Nvidia’s L1 cache offers an impressive combination of low latency and high capacity. With dependent array accesses, it can return data nearly as fast as AMD’s 16 KB scalar cache while offering more capacity than AMD’s first level scalar and vector caches combined. However, dependent array accesses don’t tell the whole story. Pointer dereferences indicate that AMD takes a lot of overhead from array addressing calculations. Cutting that out shows that RDNA3.5’s scalar cache offers very low latency. Nvidia already had efficient array address generation, so switching to pointer dereferences makes less of a difference on GB10. Regardless of access method, GB10’s L1 offers higher capacity and lower latency than RDNA3.5’s L0 vector cache.
GB10’s system level cache is invisible in the latency plot above because it’s smaller than the GPU’s 24 MB L2. It also doesn’t seem to maintain a mostly exclusive relationship with the GPU L2, so its capacity isn’t additive on top of the L2. Nvidia’s slides say the SLC aims to enable "power efficient data-sharing between engines", implying that feeding compute isn't its primary purpose.
Like many modern GPUs, GB10 supports OpenCL’s Shared Virtual Memory (SVM) feature. SVM allows seamless pointer sharing by mapping a buffer into the same virtual address space on both the CPU and GPU. GB10 supports “coarse grained” SVM, meaning the buffer cannot be simultaneously mapped on both the CPU and GPU. Some GPUs with only coarse grained SVM appear to copy the entire buffer under the hood, as can be seen with Qualcomm and Arm iGPUs. Thankfully, GB10 can handle this feature without requiring a full buffer copy under the hood.
Compared to Strix Halo, GB10’s memory subsystem strategy moves high capacity caching up a level. Strix Halo’s “Infinity Cache” setup was awkward because it placed a GPU-focused cache at the other end of a system level interconnect. That places high pressure on Infinity Fabric, which AMD built to handle nearly 1 TB/s of bandwidth. GB10 in contrast uses the 24 MB graphics L2 to filter out a large portion of GPU memory traffic, so the system level interconnect primarily deals with DRAM accesses. That said, using 16 MB of cache just to optimize data sharing feels awkward too. SRAM is one of the biggest area consumers in modern chips because of how far compute has outpaced DRAM performance. A hypothetical setup that concentrates last level caching capacity in the SLC could be more area efficient, and could boost CPU performance.
Bandwidth Measurements
48 SMs mean 48 L1 cache instances, giving GB10’s iGPU impressive cache hit bandwidth. With Nemes’s Vulkan based benchmark, GB10 easily outpaces Strix Halo. Strix Halo’s iGPU can achieve around 10 TB/s using a narrowly targeted OpenCL kernel that can’t work with arbitrary test sizes, but GB10 is still ahead even with that methodology. Nvidia’s advantage continues at L2, which offers both higher bandwidth and higher capacity than AMD’s 2 MB L2. Needless to say, Nvidia’s L2 continues to compare well as test sizes increase and Strix Halo has to use its 32 MB Infinity Cache. Finally, both iGPUs achieve similar bandwidth from system memory, with GB10 taking a slight lead with faster LPDDR5X.
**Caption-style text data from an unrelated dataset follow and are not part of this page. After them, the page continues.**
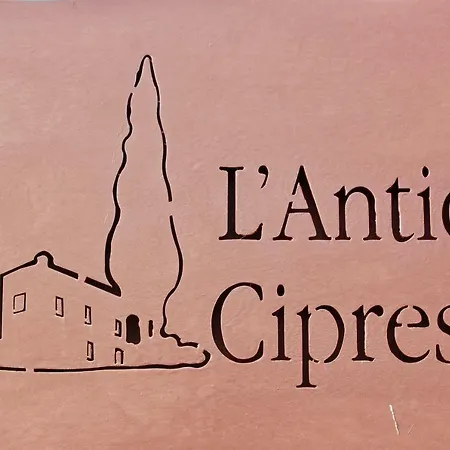 Farm stay L'antico Cipresso *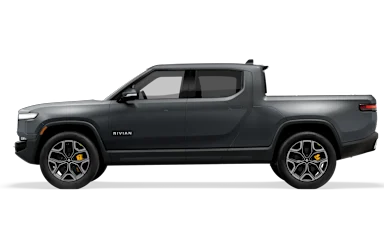 2022 R1T El Cap Granite side view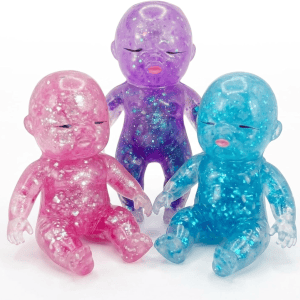 Glitter Doll squishy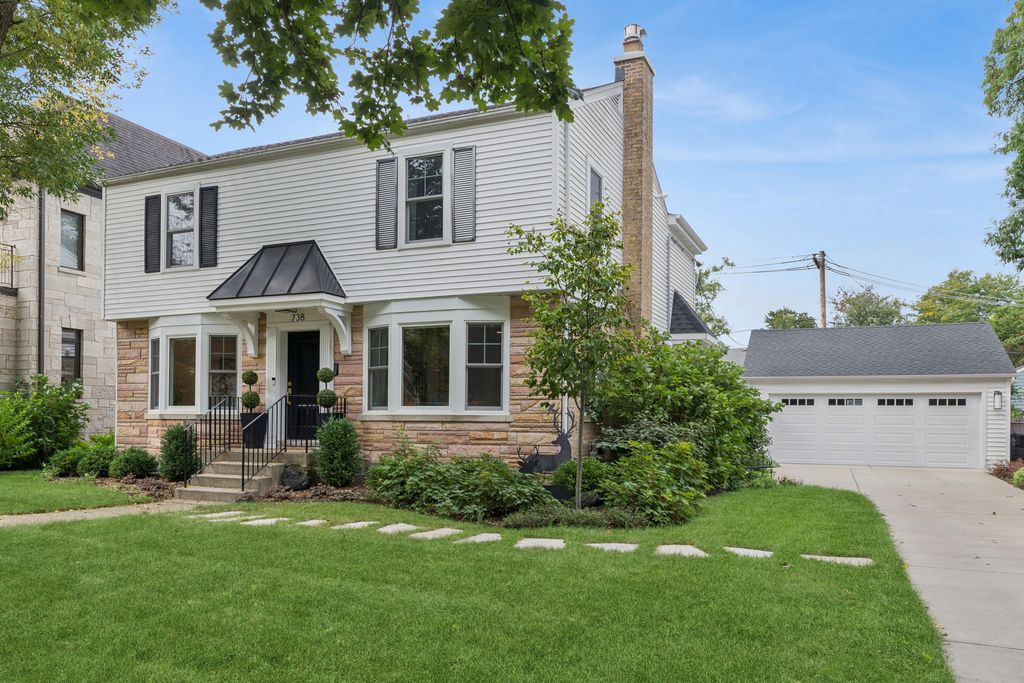 738 S Home Avenue, Park Ridge, IL 60068 — exterior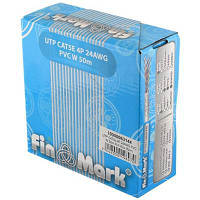 Кабель мережевий FinMark UTP 50 м CAT5e 4P 24AWG PVC W Pull Box (163144), фото 2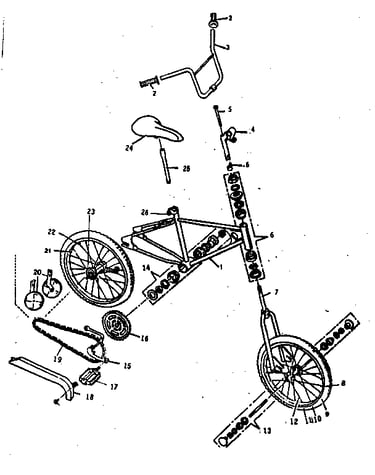 Replacement parts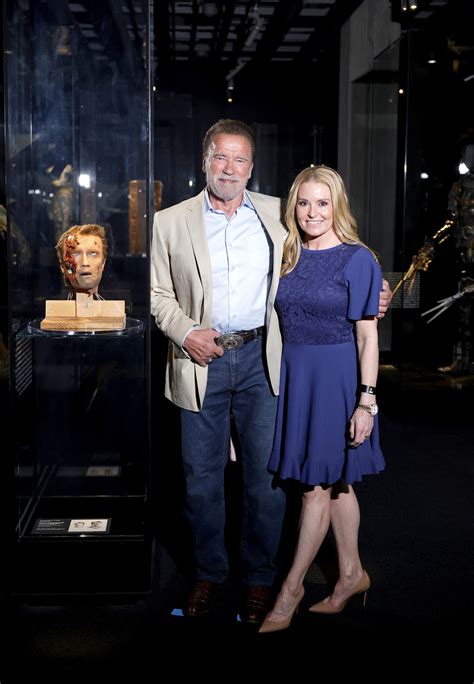 Arnold Schwarzenegger gushes about girlfriend of 10 years in rare comments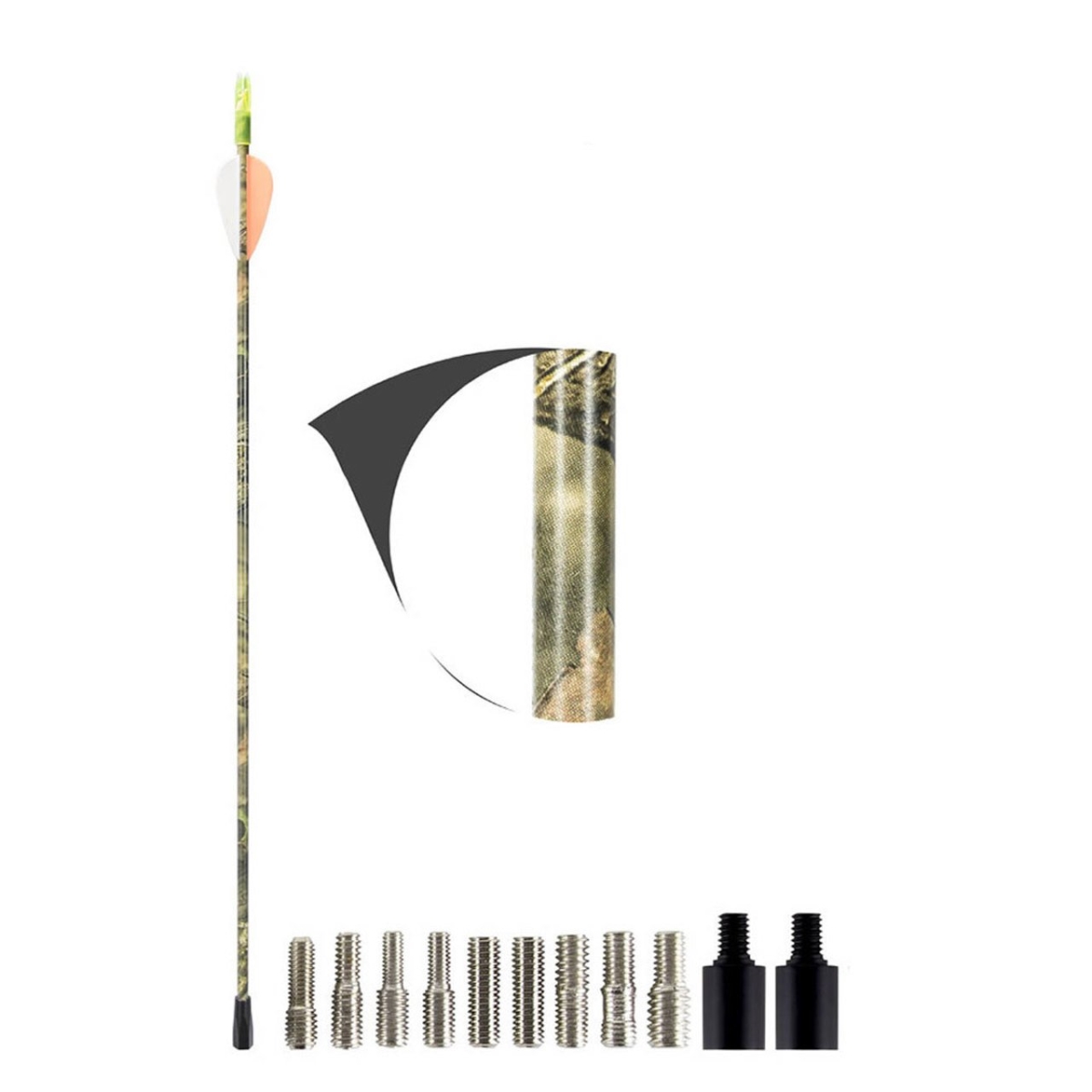 20 in. So-Ammotenna Hunt Arrow Antenna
Both GPUs use write-through L1 caches, so writes from compute kernels go straight to L2. GB10’s L2 handles writes at half rate, and provides just under 1 TB/s of write bandwidth. Write bandwidth on Strix Halo is somewhat lower at approximately 700 GB/s. Write behavior on both iGPUs is similar to that of larger discrete GPUs.
L1 and Shared Memory Capacity
Nvidia’s GPUs use a single block of SM-private memory for both L1 cache and Shared Memory. Shared Memory is a software managed scratchpad private to a group of threads. It fills an analogous role to AMD’s Local Data Share (LDS), letting code explicitly keep data close to compute when data movement is predictable. A larger L1/Shared Memory block can let each group of threads use more scratchpad space with lower impact to occupancy or L1 cache capacity. Nvidia’s datacenter GPUs get 256 KB of L1/Shared Memory per SM. GB10 does not.
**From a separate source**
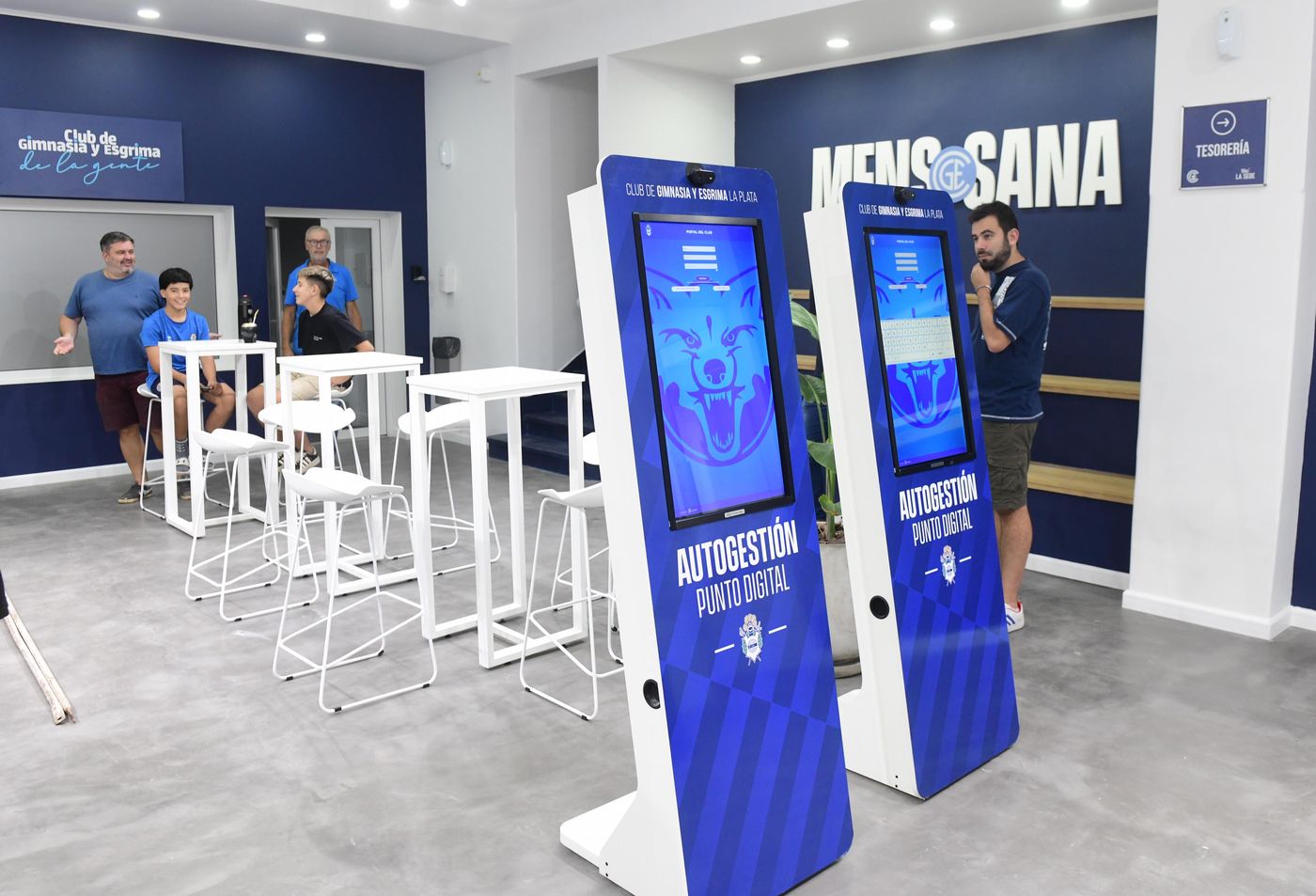 Los hinchas de GImnasia podr&aacute;n ver la final de la Reserva a cambio de un alimento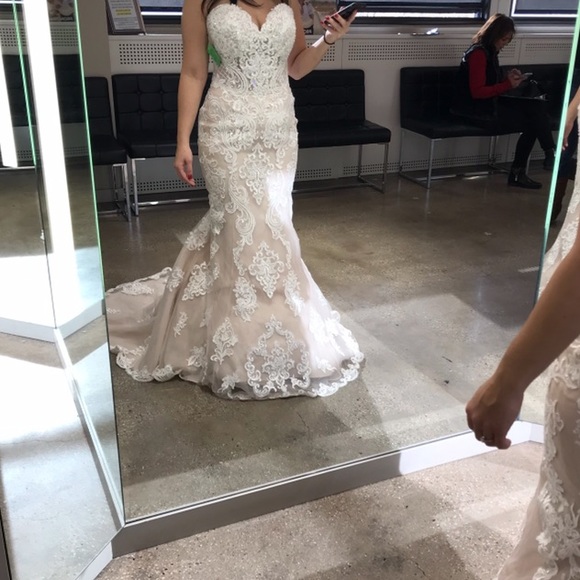 Stella York wedding dress 👰🏻 - Picture 6 of 8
Instead, GB10 behaves much like Nvidia’s consumer Blackwell architecture and has 128 KB of L1/Shared Memory. In exchange for lower L1/Shared Memory capacity, GB10 achieves 13 ns of latency in Shared Memory using dependent array accesses. That’s slightly better than 14.84 ns for B200.
Instruction Caching
Instruction fetch behaves as expected for any Blackwell GPU. Each SM sub-partition has a 32 KB L0 instruction cache, which can fully feed a partition’s maximum throughput of one instruction per cycle. Blackwell uses fixed length 16-byte instructions, so the A 128 KB L1 instruction cache feeds all four partitions, and can also deliver one instruction per cycle. Bandwidth from the L1I is shared by all four partitions, and per-partition throughput drops to 0.5 IPC when two partitions contend for L1I access. GPU shader programs are typically small and simple compared to CPU programs, so I suspect most code fetches will hit in the 32 KB L0 instruction caches.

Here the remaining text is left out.